Readme for C7000 Code Generation Tools v3.1.0.LTS

Table of Contents

0 Introduction to the C7000 Code Generation Tools v3.1.x LTS

This C7000 compiler release is a “Long-Term Support” (LTS) release.

This release supports the C7100, C7120, and C7504 ISA cores. To compile code for the C7100 core, use the compiler command-line option -mv7100 or equivalently, --silicon_version=7100. To compile code for the C7120 core, use the compiler command-line option -mv7120 or equivalently, --silicon_version=7120. To compile code for the C7504 core, use the compiler command-line option -mv7504 or equivalently, --silicon_version=7504.

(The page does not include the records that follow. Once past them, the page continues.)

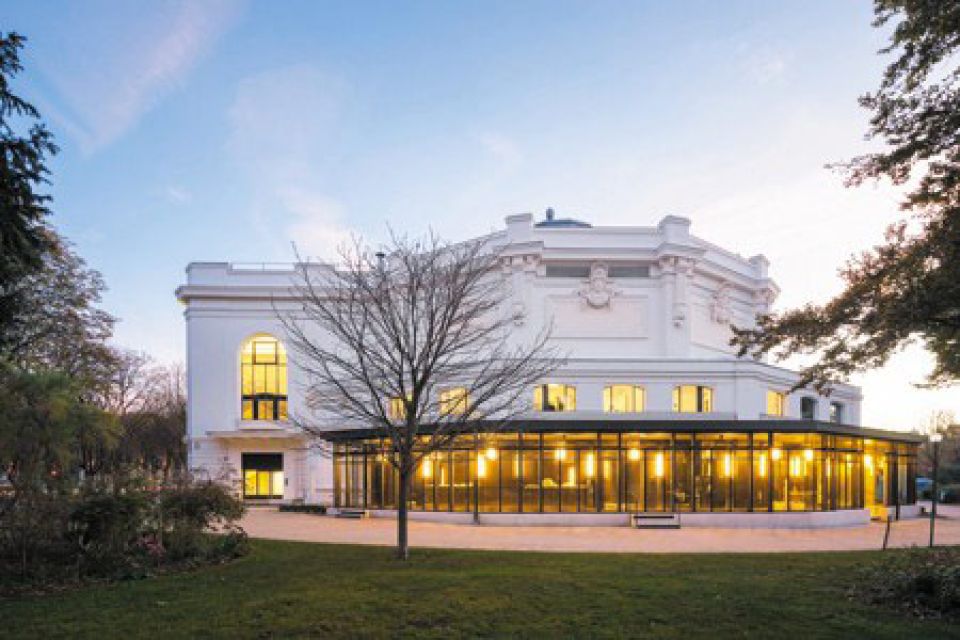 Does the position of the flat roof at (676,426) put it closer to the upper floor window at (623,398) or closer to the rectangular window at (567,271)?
the upper floor window at (623,398)

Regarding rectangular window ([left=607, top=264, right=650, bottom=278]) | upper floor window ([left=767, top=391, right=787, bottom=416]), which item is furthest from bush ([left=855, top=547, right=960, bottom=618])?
rectangular window ([left=607, top=264, right=650, bottom=278])

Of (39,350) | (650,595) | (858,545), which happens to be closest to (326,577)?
(650,595)

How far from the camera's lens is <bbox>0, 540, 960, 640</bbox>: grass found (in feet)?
31.3

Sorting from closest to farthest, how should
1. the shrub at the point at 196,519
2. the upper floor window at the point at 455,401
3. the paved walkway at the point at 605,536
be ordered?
the shrub at the point at 196,519
the upper floor window at the point at 455,401
the paved walkway at the point at 605,536

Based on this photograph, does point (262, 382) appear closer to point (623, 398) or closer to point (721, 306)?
point (623, 398)

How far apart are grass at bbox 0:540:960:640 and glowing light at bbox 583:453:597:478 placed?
11673mm

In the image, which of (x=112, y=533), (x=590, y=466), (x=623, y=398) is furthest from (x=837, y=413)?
(x=112, y=533)

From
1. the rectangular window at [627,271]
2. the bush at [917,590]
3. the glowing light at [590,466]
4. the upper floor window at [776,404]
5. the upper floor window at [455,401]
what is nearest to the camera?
the bush at [917,590]

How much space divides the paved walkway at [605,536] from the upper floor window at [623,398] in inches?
458

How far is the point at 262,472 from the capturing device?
4319cm

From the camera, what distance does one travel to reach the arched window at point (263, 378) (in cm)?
4431

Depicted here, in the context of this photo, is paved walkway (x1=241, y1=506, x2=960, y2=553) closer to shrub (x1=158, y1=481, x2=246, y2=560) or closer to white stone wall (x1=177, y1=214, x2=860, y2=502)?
shrub (x1=158, y1=481, x2=246, y2=560)

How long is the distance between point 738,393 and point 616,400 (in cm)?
674

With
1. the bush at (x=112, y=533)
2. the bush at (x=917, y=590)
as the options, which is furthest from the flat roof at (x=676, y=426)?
the bush at (x=917, y=590) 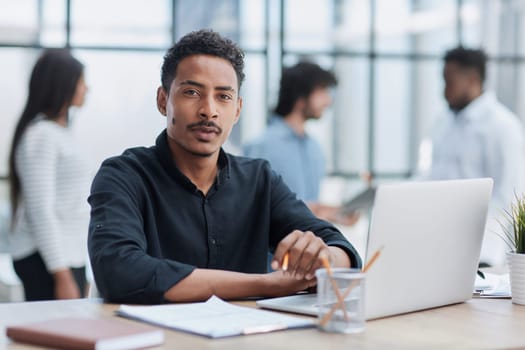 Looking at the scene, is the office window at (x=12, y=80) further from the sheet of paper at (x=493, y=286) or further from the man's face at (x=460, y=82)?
the sheet of paper at (x=493, y=286)

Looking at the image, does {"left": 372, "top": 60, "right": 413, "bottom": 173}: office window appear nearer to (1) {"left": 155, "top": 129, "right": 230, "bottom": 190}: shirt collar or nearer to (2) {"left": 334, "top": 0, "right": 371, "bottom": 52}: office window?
(2) {"left": 334, "top": 0, "right": 371, "bottom": 52}: office window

For definitions and explanations of STS, LTS, and the versioning number scheme, please see SDTO Compiler Version Numbers

1 Documentation

The following documents provide information on how to use, program, and migrate to the C7000 CPU. (As of v2.0.0, these documents are no longer included with the compiler tools installer. They can always be found on the TI website.)

SPRUIG8***.PDF: C7000 C/C++Optimizing Compiler Users Guide

SPRUIV4***.PDF: C7000 Optimization Guide

SPRUIG4***.PDF: C7000 Embedded Application Binary Interface (EABI) Reference Guide

SPRUIG5***.PDF: C6000-to-C7000 Migration User’s Guide

SPRUIG3***.PDF: VCOP Kernel-C to C7000 Migration Tool User’s Guide

SPRUIG6***.PDF: C7000 Host Emulation User’s Guide

2 TI E2E Community - Where to get help

Post compiler related questions to the TI E2E design community forum and select the TI device being used.

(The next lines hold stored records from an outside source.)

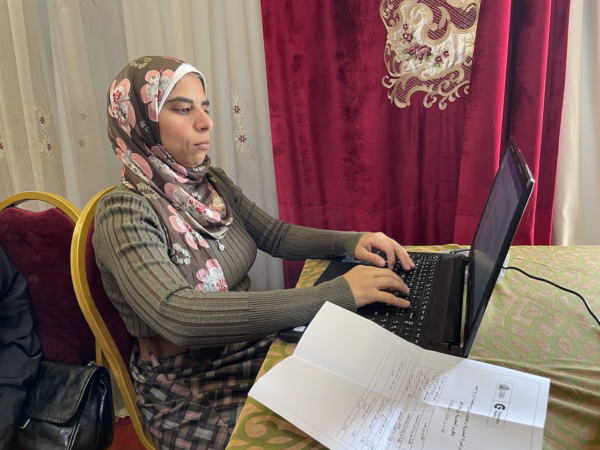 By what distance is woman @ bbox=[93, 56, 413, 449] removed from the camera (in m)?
0.81

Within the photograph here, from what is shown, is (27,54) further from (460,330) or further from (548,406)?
(548,406)

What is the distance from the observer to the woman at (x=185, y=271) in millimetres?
806

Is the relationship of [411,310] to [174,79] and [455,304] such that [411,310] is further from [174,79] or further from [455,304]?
[174,79]

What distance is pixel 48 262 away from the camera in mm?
1087

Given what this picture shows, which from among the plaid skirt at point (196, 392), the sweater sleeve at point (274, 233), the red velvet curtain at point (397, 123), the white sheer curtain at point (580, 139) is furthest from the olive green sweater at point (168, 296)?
the white sheer curtain at point (580, 139)

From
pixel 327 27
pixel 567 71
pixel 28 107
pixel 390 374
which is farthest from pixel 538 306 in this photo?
pixel 28 107

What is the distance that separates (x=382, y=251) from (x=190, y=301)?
52cm

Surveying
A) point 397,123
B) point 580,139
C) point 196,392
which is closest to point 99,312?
point 196,392

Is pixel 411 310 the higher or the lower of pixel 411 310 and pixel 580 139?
the lower

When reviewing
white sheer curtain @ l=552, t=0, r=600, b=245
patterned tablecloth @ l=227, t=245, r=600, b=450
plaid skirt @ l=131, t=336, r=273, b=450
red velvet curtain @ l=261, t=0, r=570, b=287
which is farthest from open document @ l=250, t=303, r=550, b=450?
white sheer curtain @ l=552, t=0, r=600, b=245

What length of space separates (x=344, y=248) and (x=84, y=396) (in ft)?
2.27

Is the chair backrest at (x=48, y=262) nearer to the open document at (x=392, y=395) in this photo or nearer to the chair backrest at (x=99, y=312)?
the chair backrest at (x=99, y=312)

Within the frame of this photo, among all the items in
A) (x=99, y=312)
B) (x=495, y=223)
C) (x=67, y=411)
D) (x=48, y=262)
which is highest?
(x=495, y=223)

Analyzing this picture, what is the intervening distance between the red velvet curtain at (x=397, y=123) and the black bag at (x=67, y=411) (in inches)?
33.6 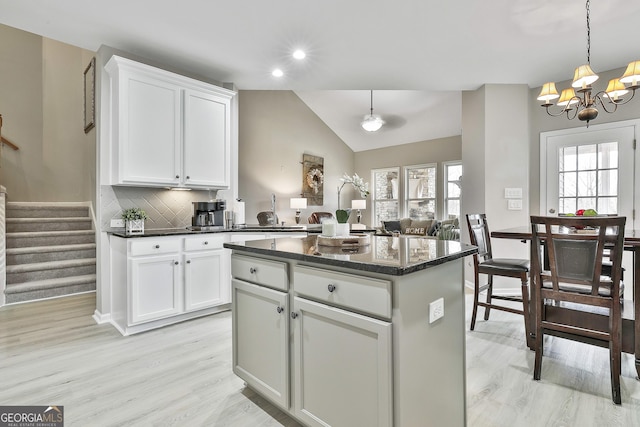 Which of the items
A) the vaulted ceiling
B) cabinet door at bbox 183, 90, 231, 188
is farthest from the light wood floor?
the vaulted ceiling

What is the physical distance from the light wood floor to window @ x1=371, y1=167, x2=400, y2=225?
5.55m

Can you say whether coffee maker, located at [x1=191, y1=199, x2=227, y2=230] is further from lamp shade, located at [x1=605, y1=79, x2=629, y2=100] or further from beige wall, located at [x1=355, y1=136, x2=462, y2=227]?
beige wall, located at [x1=355, y1=136, x2=462, y2=227]

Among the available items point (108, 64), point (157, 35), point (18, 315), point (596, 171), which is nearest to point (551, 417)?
point (596, 171)

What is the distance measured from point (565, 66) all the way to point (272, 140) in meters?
5.16

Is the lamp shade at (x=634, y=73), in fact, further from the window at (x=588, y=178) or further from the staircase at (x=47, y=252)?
the staircase at (x=47, y=252)

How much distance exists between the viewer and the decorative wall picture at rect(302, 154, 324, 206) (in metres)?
7.84

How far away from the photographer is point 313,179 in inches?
316

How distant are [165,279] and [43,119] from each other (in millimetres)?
4454

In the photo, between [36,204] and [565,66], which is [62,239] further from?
[565,66]

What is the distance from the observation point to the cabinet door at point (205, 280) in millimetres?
3184

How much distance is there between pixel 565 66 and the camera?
12.0 feet

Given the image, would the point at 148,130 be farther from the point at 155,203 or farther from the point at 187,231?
the point at 187,231

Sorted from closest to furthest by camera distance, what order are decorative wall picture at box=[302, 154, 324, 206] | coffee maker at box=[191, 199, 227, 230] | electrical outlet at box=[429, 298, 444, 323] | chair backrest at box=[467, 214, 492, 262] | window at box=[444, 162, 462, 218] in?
1. electrical outlet at box=[429, 298, 444, 323]
2. chair backrest at box=[467, 214, 492, 262]
3. coffee maker at box=[191, 199, 227, 230]
4. window at box=[444, 162, 462, 218]
5. decorative wall picture at box=[302, 154, 324, 206]

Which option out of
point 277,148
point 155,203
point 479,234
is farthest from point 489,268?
point 277,148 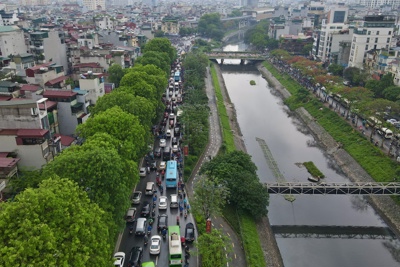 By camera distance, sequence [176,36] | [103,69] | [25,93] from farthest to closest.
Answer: [176,36]
[103,69]
[25,93]

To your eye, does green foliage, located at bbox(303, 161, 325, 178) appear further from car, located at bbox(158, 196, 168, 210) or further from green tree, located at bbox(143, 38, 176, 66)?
green tree, located at bbox(143, 38, 176, 66)

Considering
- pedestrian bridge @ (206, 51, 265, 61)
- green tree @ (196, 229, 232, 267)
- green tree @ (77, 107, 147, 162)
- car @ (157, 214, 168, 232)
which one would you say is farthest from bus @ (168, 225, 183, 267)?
pedestrian bridge @ (206, 51, 265, 61)

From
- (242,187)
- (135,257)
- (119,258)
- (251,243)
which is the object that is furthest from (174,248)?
(242,187)

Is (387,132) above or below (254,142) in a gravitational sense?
Result: above

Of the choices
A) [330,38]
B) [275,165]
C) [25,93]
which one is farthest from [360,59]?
[25,93]

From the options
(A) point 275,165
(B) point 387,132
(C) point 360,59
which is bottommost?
(A) point 275,165

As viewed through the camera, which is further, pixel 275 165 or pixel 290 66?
pixel 290 66

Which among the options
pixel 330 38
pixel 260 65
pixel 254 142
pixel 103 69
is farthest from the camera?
pixel 260 65

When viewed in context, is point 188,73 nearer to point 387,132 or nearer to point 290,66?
point 290,66
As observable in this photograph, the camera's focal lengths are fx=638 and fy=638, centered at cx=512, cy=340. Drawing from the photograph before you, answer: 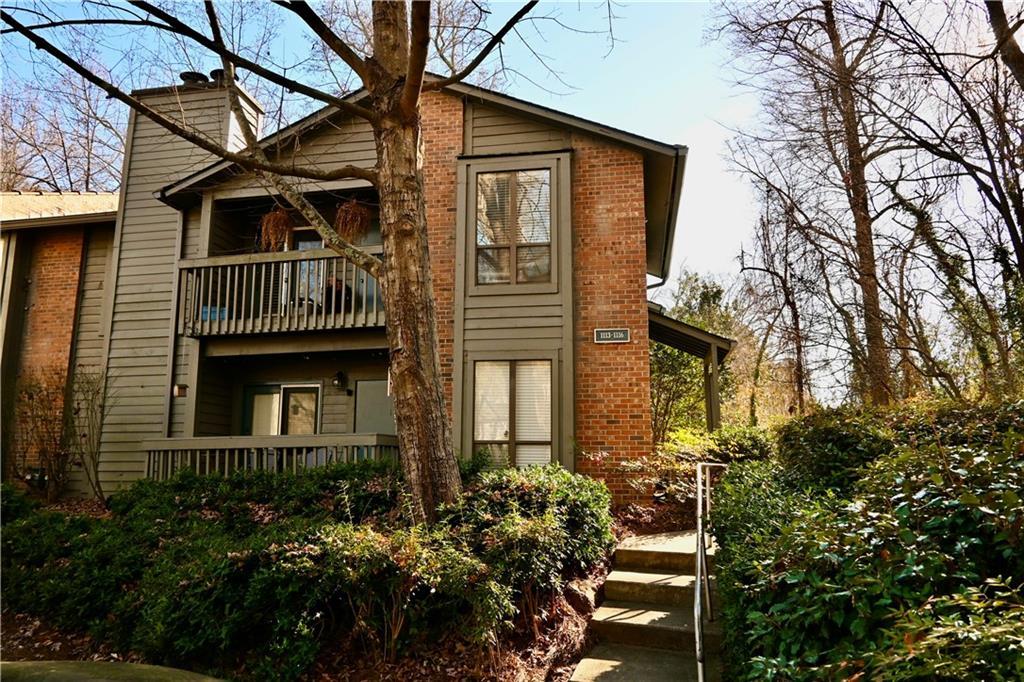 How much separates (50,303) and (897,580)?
14.4 metres

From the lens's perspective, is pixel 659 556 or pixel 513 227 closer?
pixel 659 556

If submitting a defect report, please attach a scaled-down test case with command-line options and the compiler version number to allow us to reproduce the issue easily.

The following is the top-level webpage for all of TI’s Code Generation Tools.

3 Defect Tracking Database

Compiler defect reports can be tracked at the Development Tools bug database, SIR. SIR is a JIRA-based view into all public tools defects.

A account is required to access this page. To find an issue in SIR, enter your defect id in the top right search box once logged in. Alternatively from the top red navigation bar, select “Issues” then “Search for Issues”.

4 Host Emulation Support and Breaking Changes

To improve the stability of host emulation and to improve the consistency of the implementation compared to the C7000 C/C++ compiler (cl7x), some API and syntax changes have been made in the 3.0.0 compiler. In some cases, these changes break compatibility with previous compilers.

4.1 Signed 8-bit Types (Compatibility Break)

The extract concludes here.